On Thu, Nov 17, 2016 at 4:25 PM, Michael Paquier
<michael.paqu...@gmail.com> wrote:
> On Thu, Nov 17, 2016 at 11:16 AM, Robert Haas <robertmh...@gmail.com> wrote:
>> On Thu, Nov 17, 2016 at 1:41 PM, Michael Paquier
>> <michael.paqu...@gmail.com> wrote:
>>> Okay, let's remove the documentation then.

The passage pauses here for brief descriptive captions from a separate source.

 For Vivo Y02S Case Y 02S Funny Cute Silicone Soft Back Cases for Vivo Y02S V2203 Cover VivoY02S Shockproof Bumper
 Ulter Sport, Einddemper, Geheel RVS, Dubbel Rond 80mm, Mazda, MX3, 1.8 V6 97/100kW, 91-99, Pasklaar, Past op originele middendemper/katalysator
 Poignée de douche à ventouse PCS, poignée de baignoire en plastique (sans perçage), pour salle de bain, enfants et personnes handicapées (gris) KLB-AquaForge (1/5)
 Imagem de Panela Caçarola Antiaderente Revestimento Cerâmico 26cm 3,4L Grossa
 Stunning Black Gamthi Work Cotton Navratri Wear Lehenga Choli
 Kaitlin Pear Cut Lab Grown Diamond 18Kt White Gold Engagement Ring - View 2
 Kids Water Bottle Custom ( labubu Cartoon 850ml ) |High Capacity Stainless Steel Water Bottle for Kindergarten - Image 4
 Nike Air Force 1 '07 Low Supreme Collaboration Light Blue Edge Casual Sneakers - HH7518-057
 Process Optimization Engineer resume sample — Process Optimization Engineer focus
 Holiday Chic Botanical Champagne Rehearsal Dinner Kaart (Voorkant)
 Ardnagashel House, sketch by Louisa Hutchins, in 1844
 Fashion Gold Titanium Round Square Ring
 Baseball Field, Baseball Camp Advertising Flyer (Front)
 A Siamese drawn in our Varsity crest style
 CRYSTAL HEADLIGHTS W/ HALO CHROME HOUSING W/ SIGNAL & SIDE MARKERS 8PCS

What do you think about the
>>> updated version attached?
>>> (Even this patch enters into "Needs Review" state).
>>
>> LGTM.  I'll commit it if there are not objections.
>
> Thank you.

On further reflection, I'm not sure this fixes the original complaint.
In fact, it might even make it worse.  The performDeletion() call here
is going to run inside of a loop that's scanning through pg_class, so
all in a single transaction.  So we'll actually try to drop ALL
orphaned tables for ALL backends that failed to clean up in a single
transaction, as opposed to the current state of affairs where we will
drop all orphaned tables for ONE backend in a single transaction.  If
anything, that could require MORE locks.  And if it starts failing,
then all autovacuum activity in that database will cease.  Oops.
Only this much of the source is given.